### Task brief:
Search the listing for the string "Nike". Copy every line that has it.

### Material provided:
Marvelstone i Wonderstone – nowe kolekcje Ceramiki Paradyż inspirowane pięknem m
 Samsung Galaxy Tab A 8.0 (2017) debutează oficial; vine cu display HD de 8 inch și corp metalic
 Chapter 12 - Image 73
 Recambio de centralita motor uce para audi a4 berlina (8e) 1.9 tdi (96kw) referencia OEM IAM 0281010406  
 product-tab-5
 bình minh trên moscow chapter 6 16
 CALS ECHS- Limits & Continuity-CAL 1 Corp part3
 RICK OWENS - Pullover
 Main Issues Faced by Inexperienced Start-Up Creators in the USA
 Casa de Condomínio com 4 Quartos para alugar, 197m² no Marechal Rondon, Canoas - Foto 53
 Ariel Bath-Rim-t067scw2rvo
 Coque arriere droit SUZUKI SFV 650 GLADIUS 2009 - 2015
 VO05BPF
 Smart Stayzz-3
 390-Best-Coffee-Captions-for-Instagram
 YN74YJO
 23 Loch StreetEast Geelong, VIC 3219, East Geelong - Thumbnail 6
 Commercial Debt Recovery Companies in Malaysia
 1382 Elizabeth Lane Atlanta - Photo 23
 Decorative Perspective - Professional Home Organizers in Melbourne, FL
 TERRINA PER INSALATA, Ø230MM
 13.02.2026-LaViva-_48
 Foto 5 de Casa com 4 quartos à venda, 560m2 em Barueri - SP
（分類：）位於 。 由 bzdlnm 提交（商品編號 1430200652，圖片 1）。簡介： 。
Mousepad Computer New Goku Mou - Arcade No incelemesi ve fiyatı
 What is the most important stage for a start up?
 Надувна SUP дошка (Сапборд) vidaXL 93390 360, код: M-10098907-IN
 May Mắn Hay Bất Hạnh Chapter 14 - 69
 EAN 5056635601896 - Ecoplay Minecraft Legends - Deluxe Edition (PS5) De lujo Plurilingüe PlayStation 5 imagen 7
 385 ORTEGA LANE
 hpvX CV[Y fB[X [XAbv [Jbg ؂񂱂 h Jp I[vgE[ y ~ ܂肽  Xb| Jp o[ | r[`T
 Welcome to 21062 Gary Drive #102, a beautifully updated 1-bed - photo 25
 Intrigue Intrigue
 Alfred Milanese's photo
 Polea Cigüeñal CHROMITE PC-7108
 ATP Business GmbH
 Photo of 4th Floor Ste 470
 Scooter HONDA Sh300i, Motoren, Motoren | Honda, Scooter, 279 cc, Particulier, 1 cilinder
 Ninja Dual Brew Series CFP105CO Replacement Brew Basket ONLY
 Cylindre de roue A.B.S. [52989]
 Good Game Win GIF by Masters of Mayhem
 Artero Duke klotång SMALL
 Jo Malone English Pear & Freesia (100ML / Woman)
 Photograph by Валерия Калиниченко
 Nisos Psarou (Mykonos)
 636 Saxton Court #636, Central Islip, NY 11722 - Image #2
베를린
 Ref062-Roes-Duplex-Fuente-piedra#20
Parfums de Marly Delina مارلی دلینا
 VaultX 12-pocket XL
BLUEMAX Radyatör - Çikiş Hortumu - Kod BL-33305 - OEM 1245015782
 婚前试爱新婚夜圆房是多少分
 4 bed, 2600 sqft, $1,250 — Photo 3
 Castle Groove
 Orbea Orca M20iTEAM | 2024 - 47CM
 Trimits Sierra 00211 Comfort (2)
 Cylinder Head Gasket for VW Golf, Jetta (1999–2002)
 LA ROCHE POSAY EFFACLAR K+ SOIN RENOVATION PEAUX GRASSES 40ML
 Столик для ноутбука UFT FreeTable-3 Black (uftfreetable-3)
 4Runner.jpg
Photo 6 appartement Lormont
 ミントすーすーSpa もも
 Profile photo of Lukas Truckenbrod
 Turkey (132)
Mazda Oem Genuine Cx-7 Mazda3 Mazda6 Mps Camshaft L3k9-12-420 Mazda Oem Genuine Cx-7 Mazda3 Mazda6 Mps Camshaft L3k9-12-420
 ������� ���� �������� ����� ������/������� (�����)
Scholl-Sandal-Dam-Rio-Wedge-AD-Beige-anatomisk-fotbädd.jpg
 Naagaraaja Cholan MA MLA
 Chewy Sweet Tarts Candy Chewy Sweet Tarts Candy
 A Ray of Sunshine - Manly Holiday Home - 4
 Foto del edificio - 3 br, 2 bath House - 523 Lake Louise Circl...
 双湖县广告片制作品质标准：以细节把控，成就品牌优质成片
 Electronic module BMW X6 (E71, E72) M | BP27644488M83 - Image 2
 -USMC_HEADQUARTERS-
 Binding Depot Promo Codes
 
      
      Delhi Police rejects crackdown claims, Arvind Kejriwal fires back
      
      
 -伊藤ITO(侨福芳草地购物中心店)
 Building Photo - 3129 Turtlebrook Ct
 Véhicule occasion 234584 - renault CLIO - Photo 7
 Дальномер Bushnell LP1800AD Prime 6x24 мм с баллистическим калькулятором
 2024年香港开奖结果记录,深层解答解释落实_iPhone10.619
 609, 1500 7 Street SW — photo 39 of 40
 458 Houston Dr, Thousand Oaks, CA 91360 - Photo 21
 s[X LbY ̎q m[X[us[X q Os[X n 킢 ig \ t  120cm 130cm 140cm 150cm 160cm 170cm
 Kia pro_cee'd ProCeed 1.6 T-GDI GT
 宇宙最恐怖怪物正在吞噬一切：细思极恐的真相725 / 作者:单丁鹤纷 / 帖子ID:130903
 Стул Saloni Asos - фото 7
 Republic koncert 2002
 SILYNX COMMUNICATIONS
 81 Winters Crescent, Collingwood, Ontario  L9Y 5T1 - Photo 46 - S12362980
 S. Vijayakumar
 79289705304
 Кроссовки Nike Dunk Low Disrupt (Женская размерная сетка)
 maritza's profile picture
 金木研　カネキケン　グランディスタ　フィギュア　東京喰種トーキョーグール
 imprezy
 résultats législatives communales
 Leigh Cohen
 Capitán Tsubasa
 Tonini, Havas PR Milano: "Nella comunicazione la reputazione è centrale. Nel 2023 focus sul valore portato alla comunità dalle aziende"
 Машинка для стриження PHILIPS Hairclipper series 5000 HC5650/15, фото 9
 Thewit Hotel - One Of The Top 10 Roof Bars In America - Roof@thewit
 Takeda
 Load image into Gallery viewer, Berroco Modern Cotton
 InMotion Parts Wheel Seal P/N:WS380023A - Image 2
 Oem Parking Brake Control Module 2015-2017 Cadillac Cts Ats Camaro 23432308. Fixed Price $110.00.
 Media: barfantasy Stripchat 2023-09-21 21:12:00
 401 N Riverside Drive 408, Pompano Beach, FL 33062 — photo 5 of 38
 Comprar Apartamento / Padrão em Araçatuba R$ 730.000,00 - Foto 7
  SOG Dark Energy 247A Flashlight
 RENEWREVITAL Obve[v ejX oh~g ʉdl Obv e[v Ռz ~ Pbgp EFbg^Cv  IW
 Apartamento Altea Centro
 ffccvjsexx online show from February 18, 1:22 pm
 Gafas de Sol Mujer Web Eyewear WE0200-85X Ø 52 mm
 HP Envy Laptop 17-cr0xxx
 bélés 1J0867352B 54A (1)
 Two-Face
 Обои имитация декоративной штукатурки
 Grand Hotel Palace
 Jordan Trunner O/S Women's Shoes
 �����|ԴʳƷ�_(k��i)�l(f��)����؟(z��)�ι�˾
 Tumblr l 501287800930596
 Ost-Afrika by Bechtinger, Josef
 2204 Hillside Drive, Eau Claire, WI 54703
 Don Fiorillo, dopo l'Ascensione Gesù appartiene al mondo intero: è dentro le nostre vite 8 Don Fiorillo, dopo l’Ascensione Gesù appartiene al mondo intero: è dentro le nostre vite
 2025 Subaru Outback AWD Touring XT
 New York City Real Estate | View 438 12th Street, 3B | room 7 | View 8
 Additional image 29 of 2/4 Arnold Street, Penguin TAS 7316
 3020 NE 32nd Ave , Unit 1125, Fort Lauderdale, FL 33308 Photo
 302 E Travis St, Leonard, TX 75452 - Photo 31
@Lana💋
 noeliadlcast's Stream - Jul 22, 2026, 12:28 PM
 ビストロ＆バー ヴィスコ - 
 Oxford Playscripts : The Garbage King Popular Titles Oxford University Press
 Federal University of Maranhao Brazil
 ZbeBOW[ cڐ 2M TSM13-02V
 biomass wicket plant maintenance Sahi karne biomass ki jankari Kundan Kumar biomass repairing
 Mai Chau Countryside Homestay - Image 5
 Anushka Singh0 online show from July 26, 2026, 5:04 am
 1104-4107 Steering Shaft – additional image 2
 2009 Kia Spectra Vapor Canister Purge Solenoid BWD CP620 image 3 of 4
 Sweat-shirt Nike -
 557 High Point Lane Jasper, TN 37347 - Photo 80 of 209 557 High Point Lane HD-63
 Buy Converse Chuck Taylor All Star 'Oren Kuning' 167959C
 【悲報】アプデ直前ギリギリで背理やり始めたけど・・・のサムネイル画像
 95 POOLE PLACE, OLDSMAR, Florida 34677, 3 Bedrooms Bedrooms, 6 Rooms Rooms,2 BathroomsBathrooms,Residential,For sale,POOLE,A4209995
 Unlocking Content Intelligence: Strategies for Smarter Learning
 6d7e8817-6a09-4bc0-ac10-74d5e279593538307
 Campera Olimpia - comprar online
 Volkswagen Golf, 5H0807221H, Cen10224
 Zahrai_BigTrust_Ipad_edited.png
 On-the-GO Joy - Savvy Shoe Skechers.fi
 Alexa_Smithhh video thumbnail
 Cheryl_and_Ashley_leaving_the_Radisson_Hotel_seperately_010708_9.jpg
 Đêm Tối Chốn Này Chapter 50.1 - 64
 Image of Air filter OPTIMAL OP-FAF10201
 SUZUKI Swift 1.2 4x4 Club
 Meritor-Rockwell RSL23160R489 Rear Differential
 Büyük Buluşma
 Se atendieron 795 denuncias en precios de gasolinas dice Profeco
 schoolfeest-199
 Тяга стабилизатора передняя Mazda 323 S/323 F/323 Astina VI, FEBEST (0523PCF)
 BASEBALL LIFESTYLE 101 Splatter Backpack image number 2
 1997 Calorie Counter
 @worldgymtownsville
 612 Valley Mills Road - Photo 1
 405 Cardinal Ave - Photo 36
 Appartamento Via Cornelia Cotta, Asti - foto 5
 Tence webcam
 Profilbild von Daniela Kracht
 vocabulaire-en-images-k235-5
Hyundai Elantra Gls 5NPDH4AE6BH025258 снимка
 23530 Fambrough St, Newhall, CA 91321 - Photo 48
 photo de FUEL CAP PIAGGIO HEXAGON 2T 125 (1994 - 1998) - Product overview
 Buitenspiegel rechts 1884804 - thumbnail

### Your solution:
 Кроссовки Nike Dunk Low Disrupt (Женская размерная сетка)
 Sweat-shirt Nike -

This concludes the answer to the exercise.